Using social media to encourage using social media |
Problem: How do we get great clinician educators--doctors with hearts of gold, infused with passion and brimming with insight, who have valuable and unique perspectives confined to their heads--to give Twitter a try?
The paradox here is that for many superb doctors who are passionate about doing right for patients, it is the service to this very passion that makes them very, very busy--so busy, in fact, that they are reluctant to explore the potential of a new platform to promote their passion. Since services like Twitter need to be tried to be understood, how do we break this barrier? (To use business language- how do we enable physician knowledge to scale?)

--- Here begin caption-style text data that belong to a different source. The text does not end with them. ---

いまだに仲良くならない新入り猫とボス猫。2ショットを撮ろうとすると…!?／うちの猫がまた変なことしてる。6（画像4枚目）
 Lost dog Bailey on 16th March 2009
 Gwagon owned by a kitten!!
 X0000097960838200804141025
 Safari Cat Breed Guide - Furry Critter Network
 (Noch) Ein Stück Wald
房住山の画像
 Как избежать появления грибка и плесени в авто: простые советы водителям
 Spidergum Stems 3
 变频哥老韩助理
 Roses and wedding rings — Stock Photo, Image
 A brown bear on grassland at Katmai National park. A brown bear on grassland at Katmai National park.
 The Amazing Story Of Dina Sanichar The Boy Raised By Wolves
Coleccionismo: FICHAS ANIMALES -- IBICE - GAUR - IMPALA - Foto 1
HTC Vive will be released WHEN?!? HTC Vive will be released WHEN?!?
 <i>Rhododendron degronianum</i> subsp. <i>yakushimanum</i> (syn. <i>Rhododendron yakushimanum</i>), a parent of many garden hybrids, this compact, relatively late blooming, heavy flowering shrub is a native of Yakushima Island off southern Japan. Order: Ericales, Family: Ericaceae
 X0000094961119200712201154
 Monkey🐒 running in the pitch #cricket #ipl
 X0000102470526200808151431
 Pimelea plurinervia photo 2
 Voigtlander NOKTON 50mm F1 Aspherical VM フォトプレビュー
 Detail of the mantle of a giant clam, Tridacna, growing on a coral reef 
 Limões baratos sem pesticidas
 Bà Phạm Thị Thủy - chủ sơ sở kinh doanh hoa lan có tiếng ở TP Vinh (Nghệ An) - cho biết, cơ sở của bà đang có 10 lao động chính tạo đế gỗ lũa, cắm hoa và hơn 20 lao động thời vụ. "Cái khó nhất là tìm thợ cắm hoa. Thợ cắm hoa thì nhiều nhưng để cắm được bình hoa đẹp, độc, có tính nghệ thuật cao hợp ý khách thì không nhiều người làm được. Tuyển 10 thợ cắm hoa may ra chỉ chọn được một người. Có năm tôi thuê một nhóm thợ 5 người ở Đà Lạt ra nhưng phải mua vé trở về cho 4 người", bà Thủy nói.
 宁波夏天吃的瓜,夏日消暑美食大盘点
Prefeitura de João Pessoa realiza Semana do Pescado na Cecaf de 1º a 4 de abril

I have such a clinician in mind, and wrote about him here. I approached him in the gentlest way possible, taking great pains not to act like I, a medical newbie, was telling him how to do his job. I explained that it's the fact that his passion resonated with me that motivates my recommendation.
He replied something to the effect "Yeah, that sounds nice, but I'm too busy."
This isn't an isolated case. Rather, it points at a central hang-up in modern medicine that Bryan Vartabedian has called the need to Repurpose Physician Knowledge. Dr. Vartabedian is asking if we can develop systematic approach to sharing genuine medical insight?
I have an idea for this that can be implemented right now, and I need your help to pull try it out. Can you comment below in support of my clinician educator giving Twitter a try? If your comments could adhere to this general format, I'd be intensely gratified:
- Please please PLEASE use a nice, respectful tone.*
- State your general role in healthcare (patient, doctor, nurse, onlooker, med student, etc.)
- Why you think it's worth a shot. Feel free to condense your support to a single word like "Because" or a phrase like "Because I've learned from Twitter." Alternatively, feel free to elaborate away.
- Bonus: If you tailor your response to your perspective, holy smokes.
Let's develop a name for the process whereby the social media community approaches someone currently outside that community, someone who has been vetted by a respected voice from within the community, and this approach is made via the very social media platforms that said community is promoting. I'm thinking it should be called a social media intervention. Other ideas?
If this social media intervention works with my clinician, perhaps it can serve as a model for getting other doctors involved, serving as an early step toward systematizing the repurposing of physician knowledge.
*This really is important. At the risk of sounding condescending, NOTHING more effectively turns people off to trying something new than condescension.